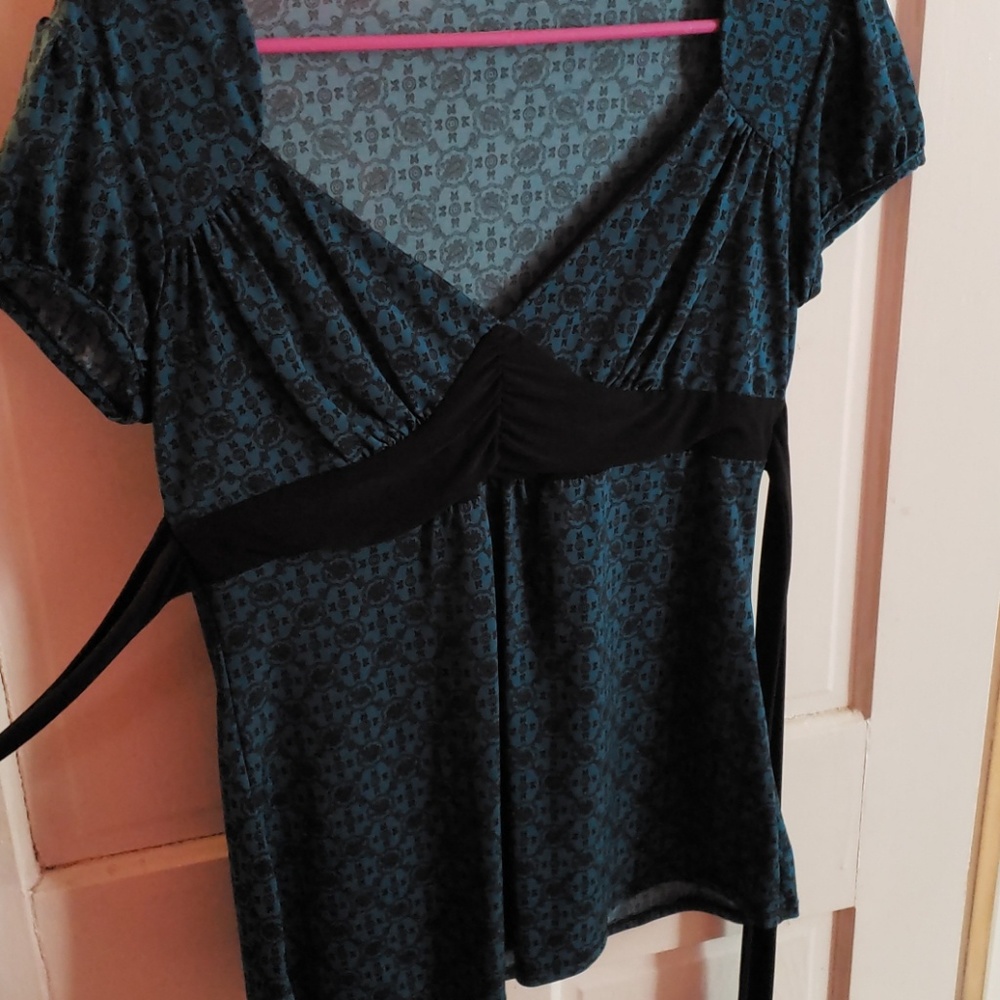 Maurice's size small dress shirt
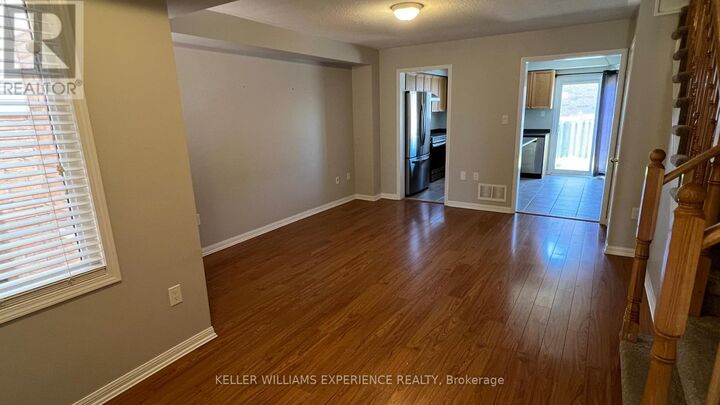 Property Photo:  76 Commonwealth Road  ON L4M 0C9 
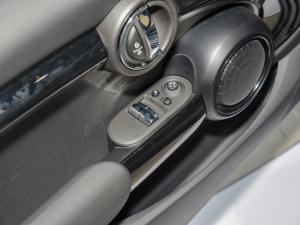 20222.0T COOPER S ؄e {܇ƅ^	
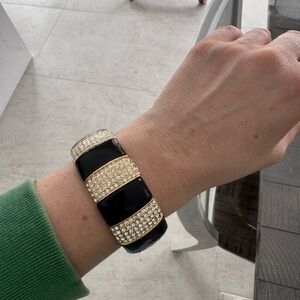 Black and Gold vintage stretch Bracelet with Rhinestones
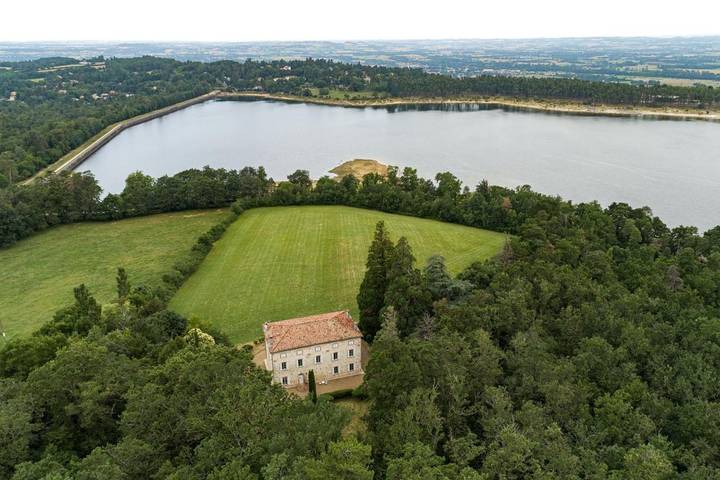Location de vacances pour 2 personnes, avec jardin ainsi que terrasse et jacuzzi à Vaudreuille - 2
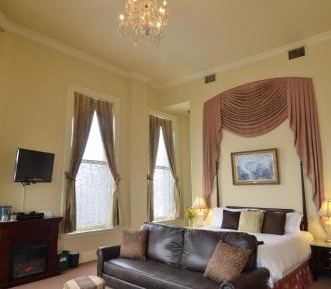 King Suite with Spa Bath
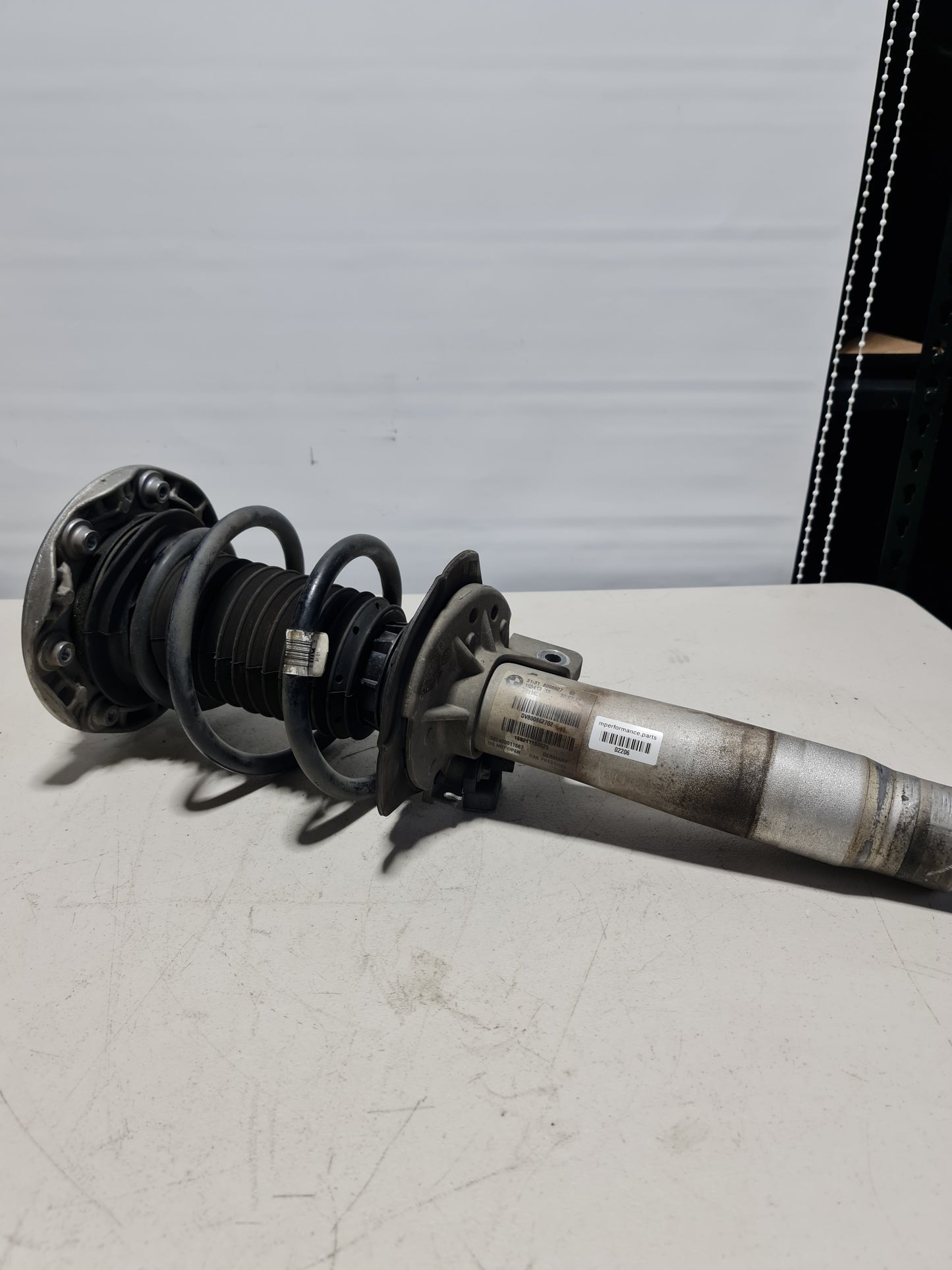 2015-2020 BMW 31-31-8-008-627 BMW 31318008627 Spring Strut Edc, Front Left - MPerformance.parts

==*==

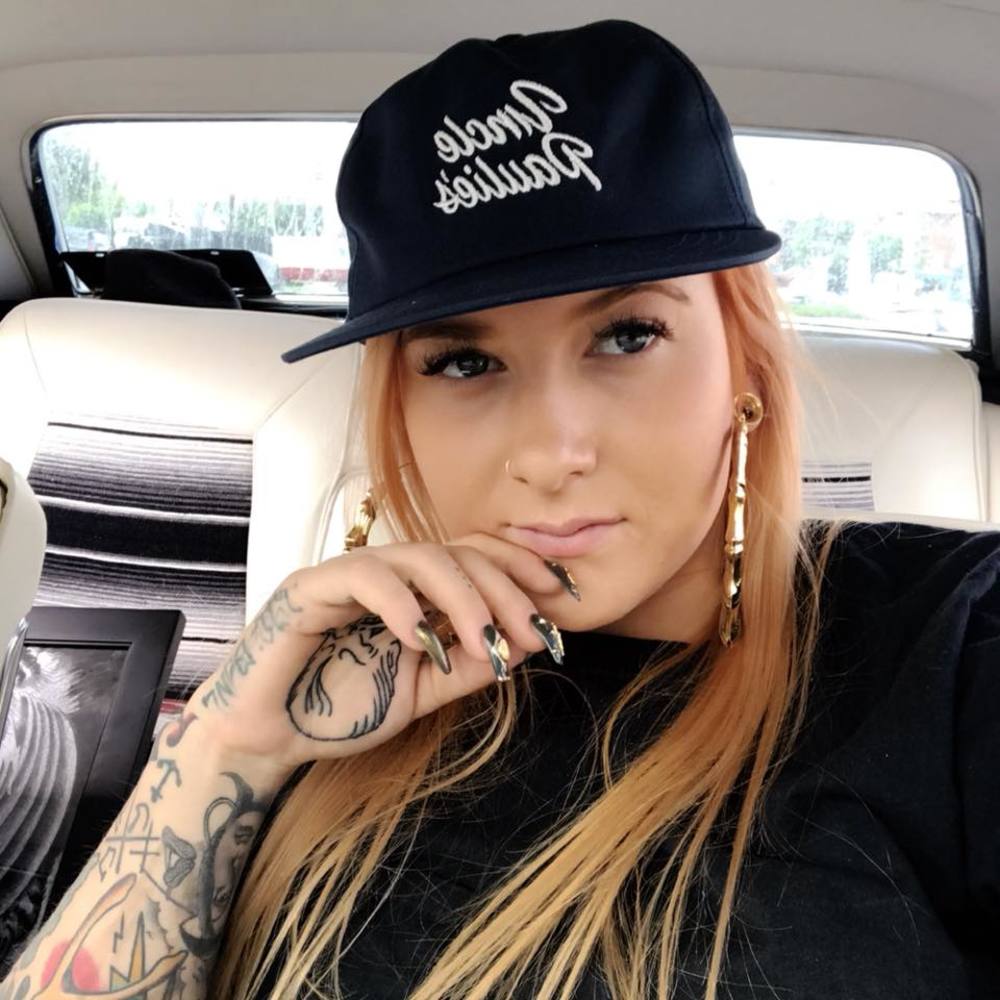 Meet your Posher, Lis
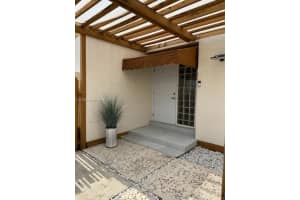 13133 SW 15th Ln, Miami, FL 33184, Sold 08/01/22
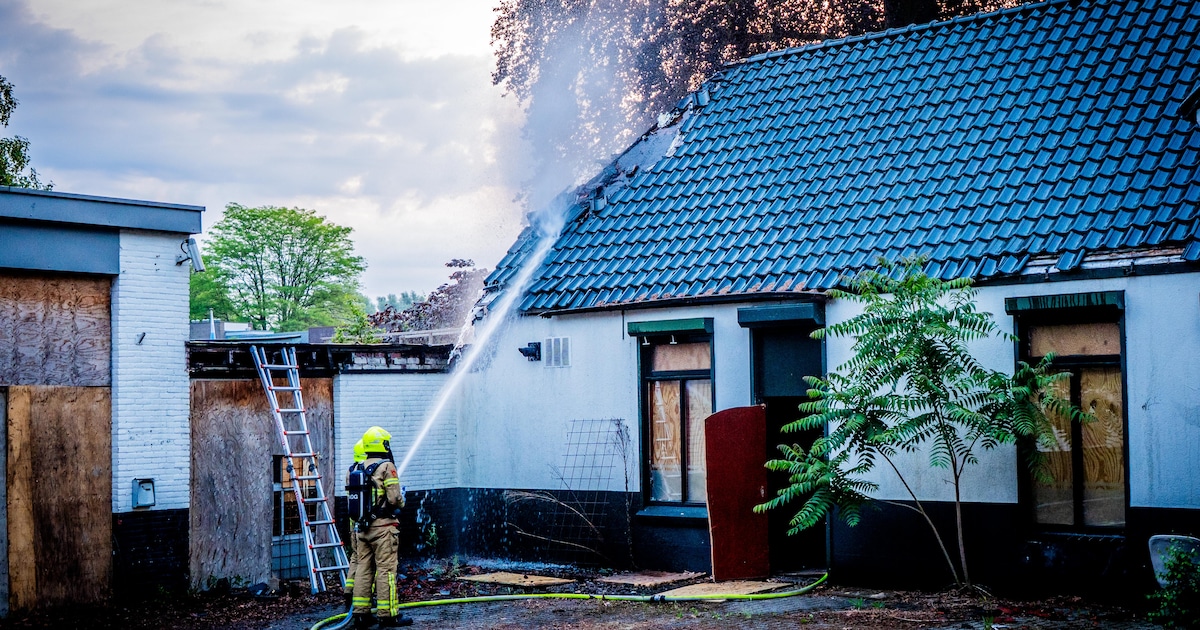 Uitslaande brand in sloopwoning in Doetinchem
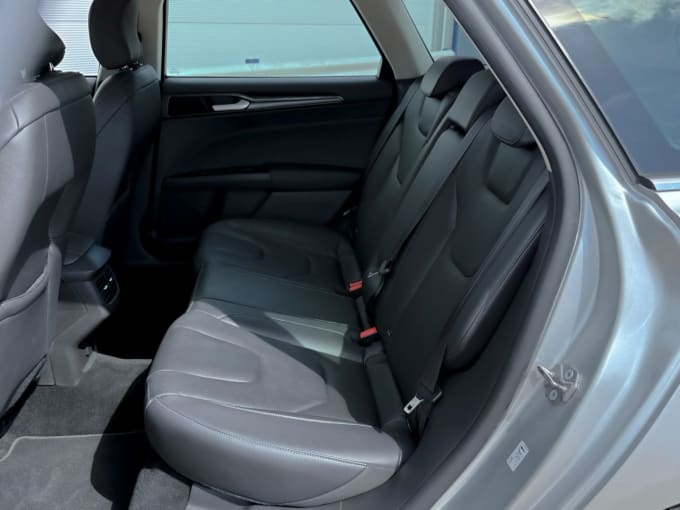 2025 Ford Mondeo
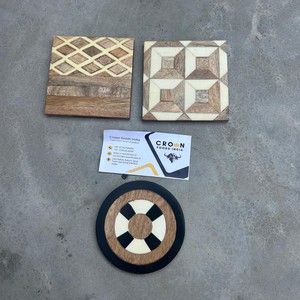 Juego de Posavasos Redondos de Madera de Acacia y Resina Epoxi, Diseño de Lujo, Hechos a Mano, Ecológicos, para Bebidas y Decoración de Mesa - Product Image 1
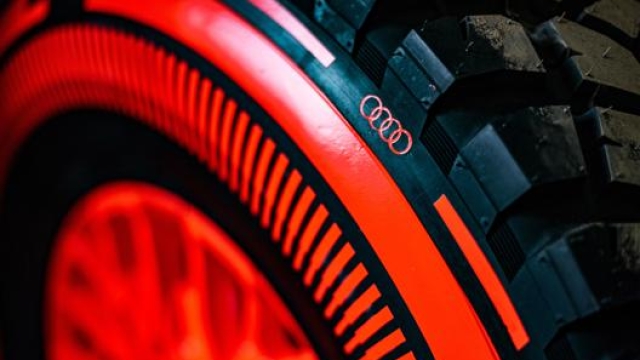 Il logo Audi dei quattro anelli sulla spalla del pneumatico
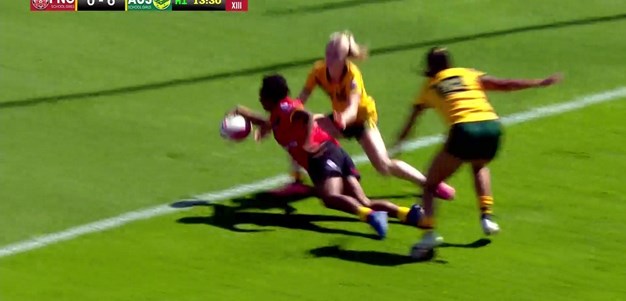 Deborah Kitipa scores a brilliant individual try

==*==

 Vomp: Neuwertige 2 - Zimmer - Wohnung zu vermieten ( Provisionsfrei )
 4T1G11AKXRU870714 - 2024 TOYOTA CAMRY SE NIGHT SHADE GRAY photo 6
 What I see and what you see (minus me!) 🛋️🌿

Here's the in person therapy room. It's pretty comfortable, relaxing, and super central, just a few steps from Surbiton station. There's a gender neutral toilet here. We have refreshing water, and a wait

==*==

ASSIGNMENT
Only one stretch of the records above is wanted: the lines between the one holding "What I see and what you see (minus me!) 🛋️🌿" and the one holding "Here's the in", inclusive, reproduced exactly.

OUTPUT OF THE EXERCISE
 What I see and what you see (minus me!) 🛋️🌿

Here's the in person therapy room. It's pretty comfortable, relaxing, and super central, just a few steps from Surbiton station. There's a gender neutral toilet here. We have refreshing water, and a wait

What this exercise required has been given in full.